Nous devons donc débattre d’une loi qui est à l’image des points de focalisation du Gouvernement, dont l’accroissement en continu du nombre de places en prison ! Cette politique de l’enfermement ne résout pas les problèmes. Au lieu de renforcer le suivi socio-judiciaire des condamnés, vous préférez, Monsieur le Garde des Sceaux, construire des prisons et multiplier les lois répressives et liberticides.

La prévention, les peines alternatives à l’enfermement, la réinsertion : voici quelques-unes des clés essentielles de nos problèmes. Or je ne vois pas qu’elles trouvent le moindre écho dans la politique pénale et carcérale que l’on nous soumet ici !

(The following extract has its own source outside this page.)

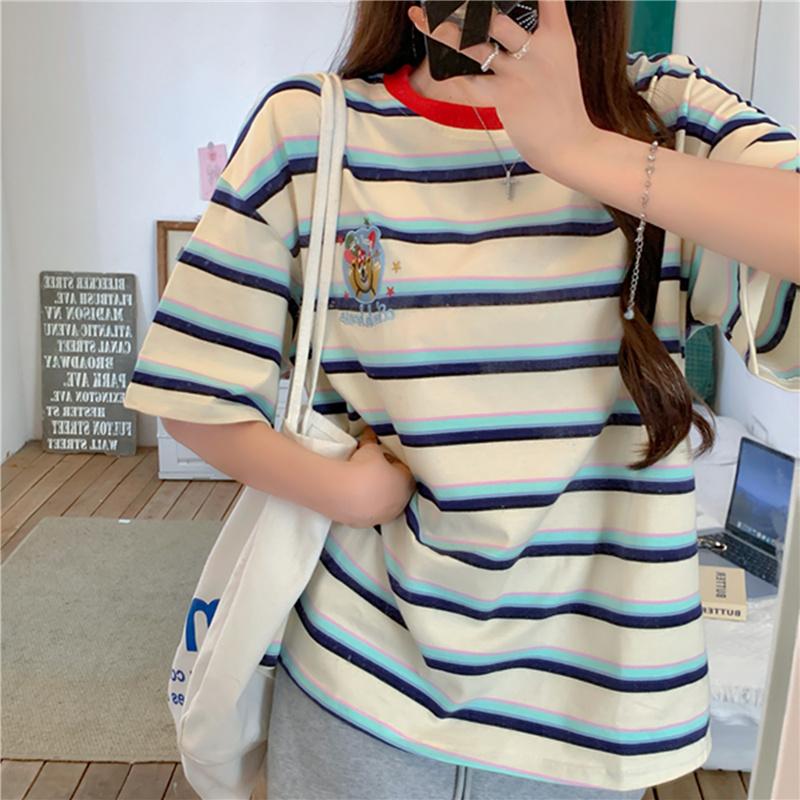 2025 летние простые футболки с коротким рукавом для женщин, модные повседневные свободные базовые футболки в синюю полоску, футболки для студентов в стиле Харадзюку, кавайные, топы для улиц y2k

Vous continuez, Monsieur le Ministre, à refuser toute concertation avec les professionnels de la justice. N’entendez-vous donc pas les sonnettes d’alarme tirées par le corps de la magistrature et les services pénitentiaires ?

Quant à votre volonté de modifier sans cesse le droit pénal des mineurs à coup de mesures inadaptées, j’ai déjà eu l’occasion de le contester fermement dans cet hémicycle !

Le groupe écologiste réaffirme donc son attachement à un traitement global de la délinquance juvénile et, ce, en partenariat avec les acteurs de terrains et les éducateurs spécialisés, ainsi que son souhait de doter la PJJ de davantage de moyens financiers et humains. Et ceci en milieu ouvert pour donner une chance à ces mineurs de sortir du cercle vicieux de la délinquance en acquérant les outils nécessaires à un nouveau démarrage dans la vie.

Consciente de la complexité du monde carcéral, je souhaite que l’on accorde une place plus importante à la réflexion. Or, le présent projet de loi nous est, une fois de plus, soumis dans la précipitation. Je rappelle que notre commission des lois n’en a été saisie que mercredi dernier. Ce n’est évidemment pas ainsi que le parlement peut travailler de façon efficace et élaborer des mesures respectueuses des personnes détenues et de leur dignité.

Des solutions allant dans le sens d’une meilleure réinsertion des intéressés et visant à limiter le nombre des récidives sont proposées par diverses associations. Je pense, par exemple, au travail conséquent déjà effectué en matière d’accès à l’éducation et à la formation des personnes incarcérées et aux divers ateliers qui peuvent être mis en place à cet effet. C’est cette voie qui doit être privilégiée, celle du socio-éducatif, mais en aucun cas celle du « tout répressif » qui ne se soucie guère de l’avenir des détenus et les enfonce toujours davantage dans la délinquance.

Le contrôleur général des lieux de privation et de liberté, dans son rapport 2011 présenté la semaine dernière, recommande, d’ailleurs, qu’une « réflexion interministérielle s’engage dans l’objectif d’améliorer l’articulation entre formation professionnelle et adaptation à l’emploi interne aux établissements ».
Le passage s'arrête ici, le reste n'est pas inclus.